Chancing the invitation to my own demise I googled the words, and found that most other columnists around the globe are writing something quite similar to this. Columnists talking about Robbie Burns’ famously unknown lyrics, about new years customs and resolutions, about traditions with friends. I worried that Christmas slothdom might have stolen the last wisp of originality from me. But then I felt comforted. Writing a New Year’s Eve column and feeling the trite pull to mention Auld Lang Syne is almost as unavoidable as the passing of the year itself. The song is the twine that stitches our years together; it’s as culturally innate to us as Happy Birthday, and is a darn sight less annoying.
What was strange about reading the lyrics to the song that everyone sings but no one knows was the fact that, despite never having heard them in a collected entirety amid the mumbling of drunken fools, I knew the feeling of the piece. It had made it through all the years of wrongly translated Scottish verse. It had made it through the weird cross-armed hand-shaking and ill-pitched droning – made it even through the mulsh of drunkenness.
It’s about friendship.
Allow me to paraphrase:
Cor. Life’s been a bit of a tinker so far, hasn’t it?
Let’s have a ruddy drink.
I’m glad you’re here, old chum. We’re in this together, right?
Yes. But it’s your round, you cheeky tyke.

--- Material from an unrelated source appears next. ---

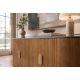 Comode - Comoda design retro cu blat din marmura Veneziano 170cm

Oh, give us a cuddle. We could die in five minutes for all we know.
Okay.
And that’s pretty much it. Sort of.
Naturally, I’ll have forgotten any lyrics I’ve inadvertently taken in by the time I come to sing it at midnight tonight. But I’ll feel its sentiment coursing through me with the wine and the time. I’ll cross my arms against my chest, and link palms with the people by my side. I’ll shake hands with Time itself; make some sort of uncertain deal. We’ll all be holding hands, humming the tune, but never quite knowing the words; not knowing what the next year will have in store for us, but together in our not knowing. And then there’ll be awkward messy kissing, and we’ll have another drink that we don’t need, but want.